After the signal has been sent to the brain, it’s time to reset the cell so that it’s ready for the next odorant. The increasing [Ca2+] levels in the cell will continue to close the cAMP-gated cation channel, which reduces the signal. Phosphodiesterase will hydrolyse cAMP to AMP. The G-protein will hydrolyse GTP to GDP, which inactivates it. A receptor kinase will phosphorylate the olfactory receptor, which inhibits it. Finally, the cell is ready for a new odorant.
Tasting
The process of tasting something sweet is similar to the process of olfaction, but simpler. The sweet-tasting molecule binds to the sweet-taste receptor, another G-protein coupled receptor. The G protein the receptor is coupled with in this case is called gustducin.
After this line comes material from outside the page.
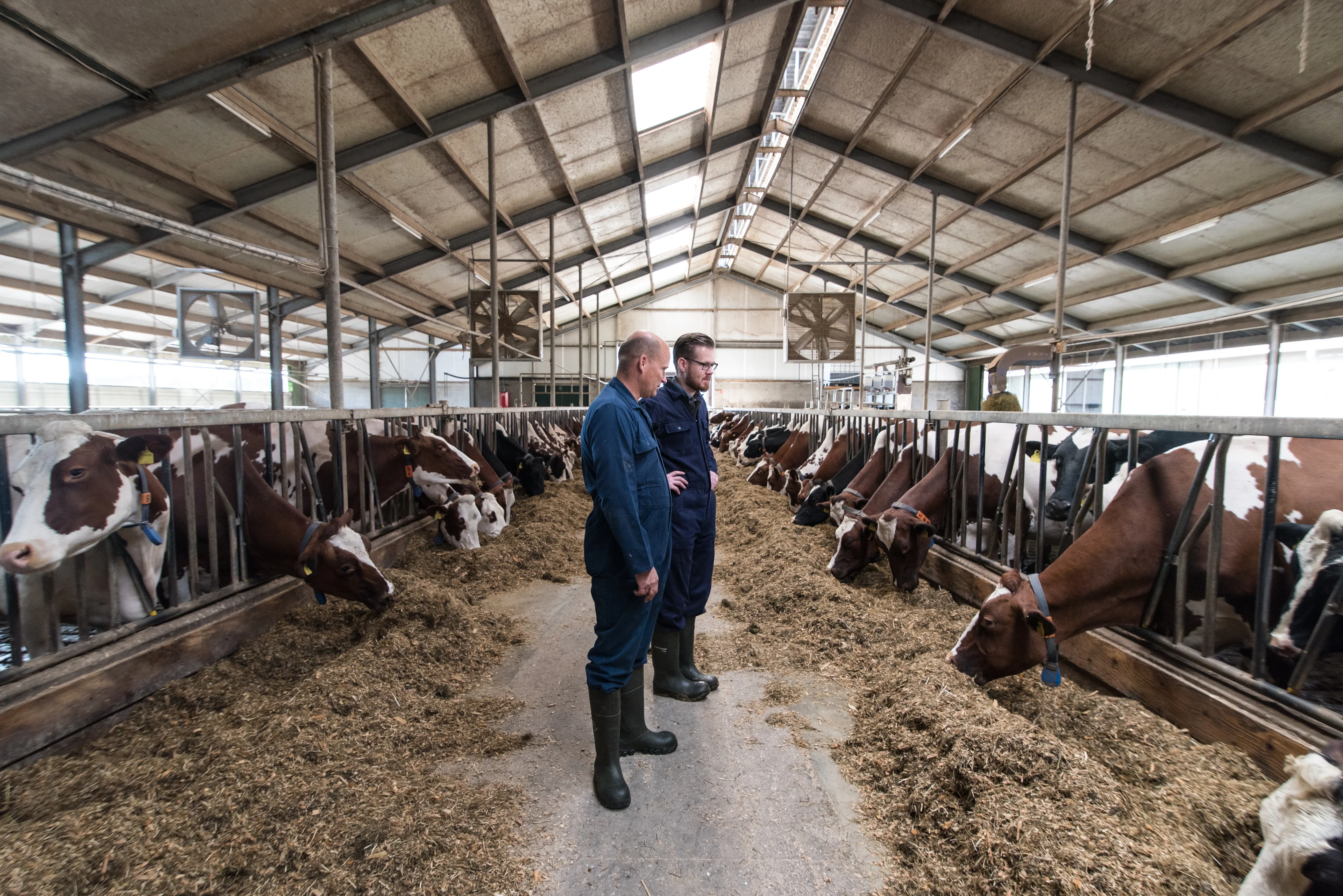 Cattle farmers looking at feed alley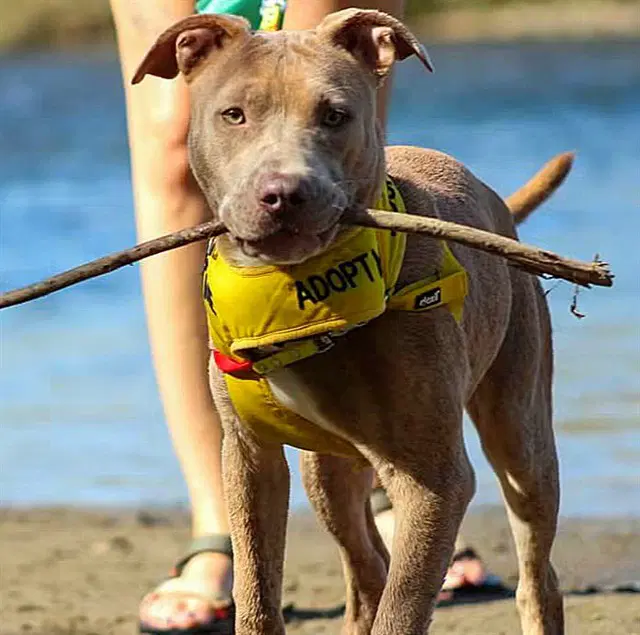 Caspian - Pit Bull Terrier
Gustducin will activate adenylyl cyclase, which will increase intracellular [cAMP]. This will activate PKA, which will phosphorylate a K+ channel on the basolateral membrane, which will cause it to close. The reduced outflow (efflux) of K+ depolarizes the cell, which propagates the signal to the brain.
The tasting of umami and bitter is also mediated by G-proteins, but their mechanism is not be known. Sour taste is mediated by proton pumps, which pump H+ ions from the food into the cell. Salty taste is mediated by a special sodium channel called amiloride-sensitive sodium channel, which is also found in the distant tubule of the kidney. Amiloride is a medication used to close this type of channel, to increase diuresis in the kidney, while having the (theoretical) side effect that food doesn’t taste as salty.
Hot food is sensed by the vanilloid receptor, which binds capsaicin, a compound found in hot peppers and the like. The receptor activates a hot, burning sensation.
Hearing
Hearing doesn’t depend on any complicated biochemical mechanism. It’s more of a physiology thing actually. Hair-cells in the ear are surrounded by a fluid called the endolymph, which moves when sound waves enter the ear. The hair cells have many stereocilia. Two adjacent stereocilia are bound at the tip by a protein called the tip link. This protein can detect changes in its own length, which will induce changes in the cell that releases neurotransmitters from the basal part of the cell, which reaches a nerve cell that will propagate the signal to the brain.
For hearing, I feel like there is a lot of biochemistry here which can be mentioned. In endolymph the potential is: +80 mV and in the hair cell it is –60 mV –> Making a +150 mV gradient. The longest cilia on the Hair cell is the Kinocilia and when the Stereocilia are bent towards the Kinocilia they open Mechanosensitive K+ channels. Big Membrane potential as previously mentioned would make K+ flow in very rapidly into the hair cell activating Voltage gated Ca2+ channels. These channels activate exocytosis of Glutamate which will bind to NMDA receptors (Ligand gated Na+ receptors) on the corresponding nerve of the area, creating an AP.
These topics follow the lectures, and the lectures don’t go into that detail. Ergo, it’s likely unnecessary to include.
It says above under the tasting section that Amiloride is used to block the sodium channel and decrease diuresis. wouldn’t blocking the sodium channel increase diuresis?
Good catch, it’s actually used as a diuretic.
“The process of seeing light. It sucks.”
Actually, I think it’s pretty cool. Your notes are really good, but why make people want to look away by saying “it sucks”? Why not inspire others to see the incredible small mechanisms and make others understand how amazing it is??
Every physiological and biochemical process in the body is cool. But some of them still suck. I’m glad you like it though.